In de onderzoekersklas kreeg ik een boek over de evangeliebeginselen. Ik heb dat boek snel helemaal doorgelezen. Daarna heb ik geprobeerd het Boek van Mormon te lezen. Geprobeerd, want ik haakte al gauw af. Te lastige taal en het kon mij niet raken of boeien. Ik kon eigenlijk niet geloven dat er mensen zijn die door het lezen van het Boek van Mormon ineens tot bekering waren gekomen. Ik heb het Boek van Mormon weer weggelegd. Nog niets voor mij, dacht ik toen.
In de onderzoekersklas lazen wij o.a. Alma, hoofdstuk 32, waarin Alma ons leert dat geloof hoop is op datgene wat niet te zien is, maar toch waar is. Ik lees u twee verzen voor:
Vers 21: Geloof is niet volmaakte kennis van dingen hebben; indien u dus geloof hebt, hoopt u op dingen die niet worden gezien, maar die waar zijn.
Vers 28: Nu zullen wij het woord vergelijken met een zaadje. Welnu, indien u plaats inruimt, zodat er een zaadje in uw hart kan worden gezaaid, zie, indien het een deugdelijk zaadje is, of een goed zaadje, zie, dan zal het — indien u het niet uitwerpt door uw ongeloof, zodat u zich tegen de Geest van de Heer verzet — in uw boezem gaan zwellen; en wanneer u die zwelling bemerkt, zult u bij uzelf beginnen te zeggen: Het moet wel een goed zaadje zijn, ofwel een goed woord, want het begint mijn ziel te verruimen; ja, het begint mijn verstand te verlichten, ja, het begint heerlijk voor mij te zijn.
Alma vergelijkt het woord van God dus met een zaadje. Het moet geplant en verzorgd worden om uit te kunnen groeien tot een boom, waarvan wij de vrucht van het eeuwige leven plukken.
Toen wij deze verzen behandelden begreep ik heel goed wat Alma ermee bedoelde. Alleen … ik voelde er zelf nog niets bij. Maar ik had wel hoop, een verlangen om te weten en om te voelen dat het waar is, maar ik kon het nog niet geloven. Ik hoopte wel dat bij mij eens zou gebeuren wat daar in Alma 32 stond.
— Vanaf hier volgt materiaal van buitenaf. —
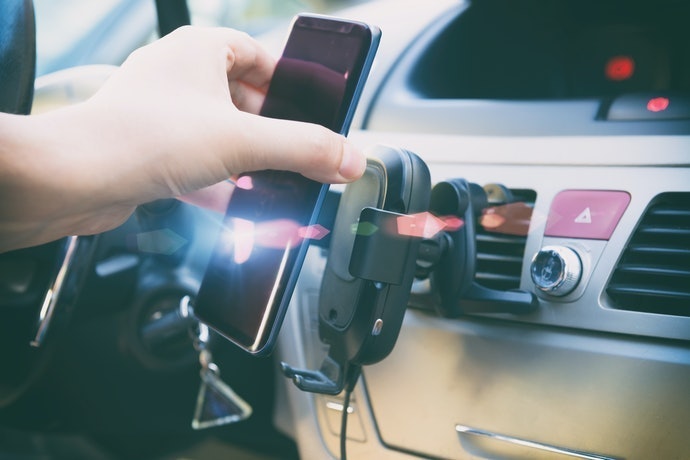 Utamakan holder plug in yang terpasang di AC agar HP tetap dingin saat berkendara jauh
Ik heb toen toch maar weer het Boek van Mormon gepakt en ben opnieuw met lezen begonnen. Ik maakte er een bijna dagelijkse studie van, met het cursistenboek erbij. Ik kreeg ineens haast om het uit te lezen.
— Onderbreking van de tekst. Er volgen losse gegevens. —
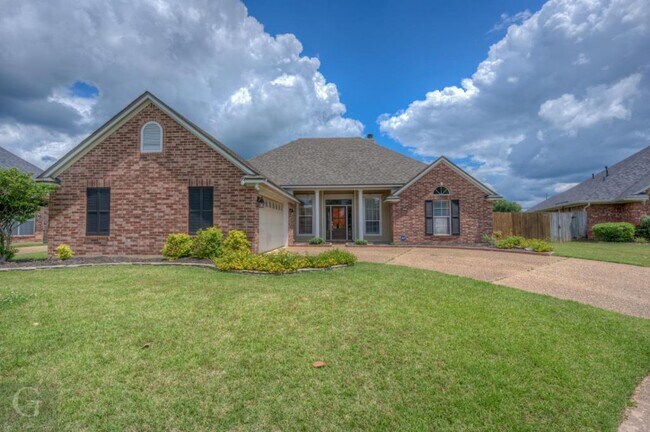 Primary Photo - 1537 Nottoway Pl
Wat Schriftstudie betreft, heb ik vertrouwen in 1 Nephi 10, vers 19: Want hij die ijverig zoekt, zal vinden; en de verborgenheden van God zullen hun door de macht van de Heilige Geest worden ontvouwd, zowel in deze tijd als in tijden van weleer, en zowel in tijden van weleer als in toekomstige tijden. Ik kwam bij Mosiah 18 en ik deel vers 10 met u: Nu zeg ik u, als dat het verlangen van uw hart is, wat hebt u er dan op tegen in de naam van de Heer te worden gedoopt, als getuigenis voor Hem dat u een verbond met Hem hebt aangegaan dat u Hem zult dienen en zijn geboden onderhouden, zodat Hij zijn Geest overvloediger over u zal kunnen uitstorten? Het voelde of deze vraag voor mij persoonlijk bedoeld was! Ik denk dat dit het eerste signaal was dat ik een getuigenis aan het ontwikkelen was. Maar ik wilde er niet aan toegeven.
Toen ik wederom bij Alma 32 kwam, voelde ik wel dat het zaadje bij mij in vruchtbare bodem was geland en dat er een geloof aan het groeien was. Het gevoel werd sterker en ik voelde duidelijk dat bij mij gaande was wat in die verzen over het zaadje werd gezegd. Dat was zeker ook het begin van een getuigenis voor mij. Maar ik (mijn verstand) wilde er nog steeds niet aan. Ik wilde eerst veel meer weten over alle leefregels en geboden. Ik heb daar dan ook veel over gelezen, met andere mensen over gepraat en mij laten informeren door de zendelingen. Intussen was ik gaan bidden en geleidelijk aan werd dat een dagelijkse gewoonte. Ik voelde dat ik geleidelijk aan als het ware naar de doop werd toe geleid. Er was geen ontkomen meer aan. Dan zal het wel goed zijn, dacht ik, voelde ik.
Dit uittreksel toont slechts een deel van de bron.